Hardcastle & McCormick was one of the shows that latched onto all those concerns and prospered for three seasons on ABC as a result. The show was created by TV wunderkind Stephen J Cannell, who wrote 450 episodes of TV shows, produced or exec-produced over 1,500 episodes, and created or co-created no fewer than 40 television series including The Rockford Files, The Greatest American Hero, The A-Team, Wiseguy, 21 Jump Street, Silk Stalkings and The Commish.

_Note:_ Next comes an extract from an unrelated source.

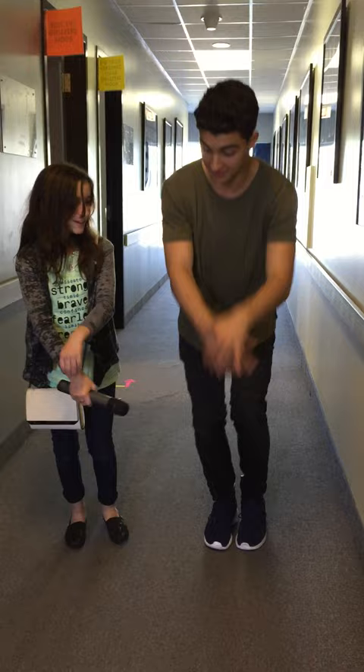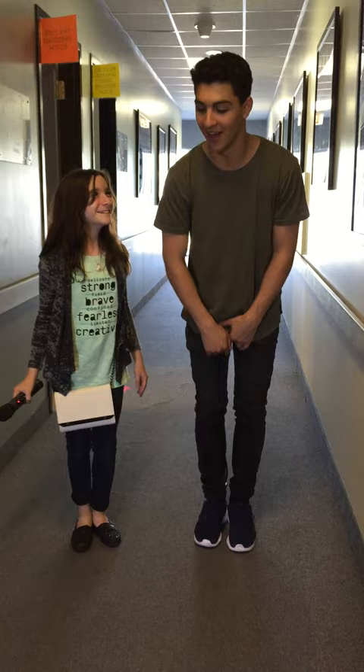So you give it a beat, you give it that — seven, eight, go, boom, hop, yes.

Its set-up was relatively simple: Judge Milton C Hardcastle (Brian Keith) is about to retire. However, he’s kept track of 200 criminals who escaped on technicalities and he plans to go after them in retirement and get them locked up. His final case is Mark McCormick (Daniel Hugh Kelly), a car thief who steals a prototype sports car, the Coyote X, which was designed by his best friend before he was murdered. Through a legal technicality, Hardcastle is able to take McCormick into his custody and McCormick accepts rather than go to jail. With McCormick living in the judge’s guest house, together they go after those 200 crims, helped just a little – and with a compulsory number of award-winning stunt scenes – by the Coyote X.
Curiously, the show had three different title sequences and two different theme tunes. The more famous and the best theme tune was ‘Drive’, written by another TV wunderkind, Mike Post, who composed the themes for shows including Law & Order, NYPD Blue, The Rockford Files, LA Law, Quantum Leap, Magnum, P.I., Hill Street Blues, The A-Team, CHiPs, MacGyver and Murder One. That accompanied the first season’s title sequence:
Then for the second season, the show switched to a dreadful country music theme.
Viewer outcry was enormous and it wasn’t long before ‘Drive’ was reinstated for the rest of the second season as well as for the third season.
While no classic of writing, Hardcastle & McCormick‘s appeal was relatively clear: as well as the camaraderie between the two leads, this was largely an adrenaline-fuelled show, with some surprisingly well directed high-speed car scenes involving the Coyote X, in actuality a Manta Montage kit car based on the McLaren M6GT with a Porsche 914 engine.
All the same, after three years, Hardcastle & McCormick‘s appeal had diminished enough that it wasn’t renewed for a fourth season. But for adrenaline junkies, it is at least all all available on DVD.